» Task instructions
Line by line, return the listing exactly, without any of the images.

» The data
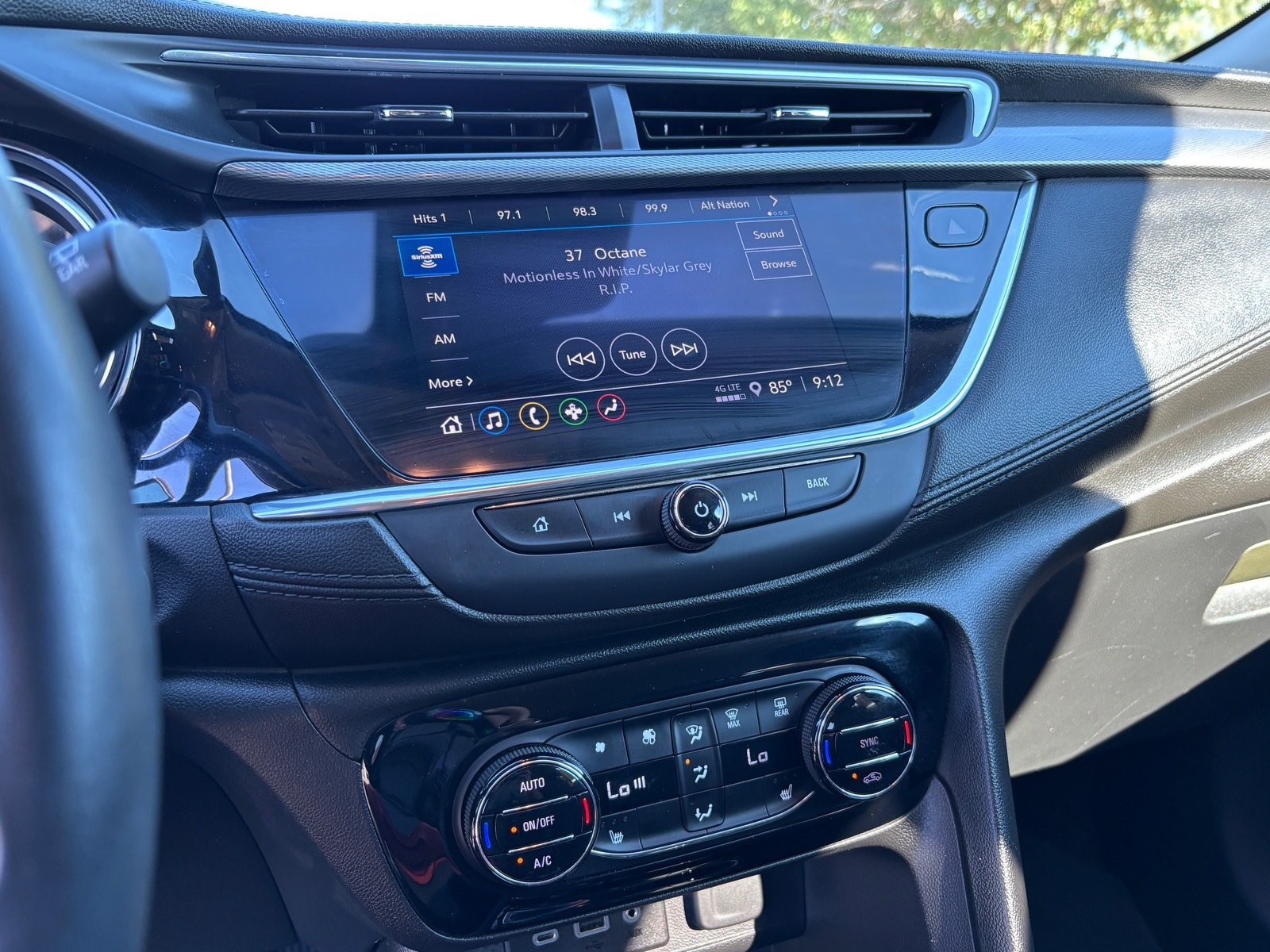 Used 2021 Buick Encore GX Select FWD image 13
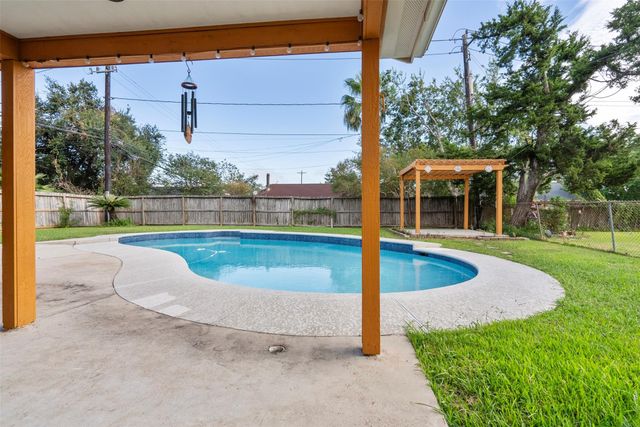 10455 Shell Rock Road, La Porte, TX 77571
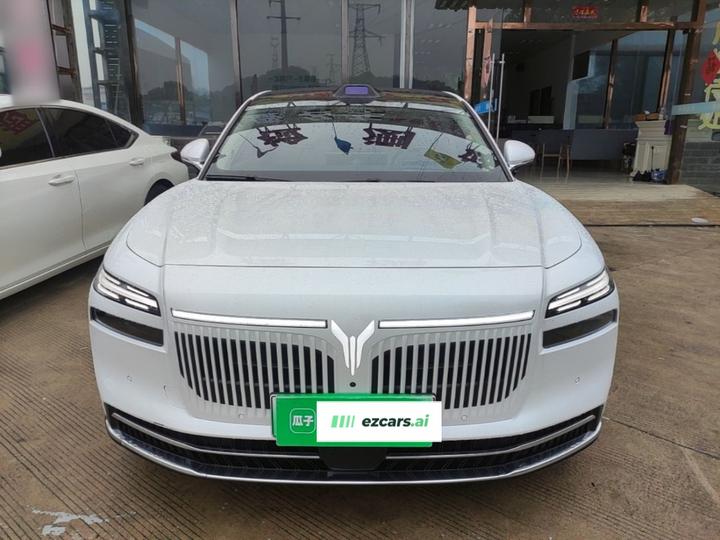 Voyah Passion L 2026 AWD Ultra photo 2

» Written answer
 Used 2021 Buick Encore GX Select FWD image 13
 10455 Shell Rock Road, La Porte, TX 77571
 Voyah Passion L 2026 AWD Ultra photo 2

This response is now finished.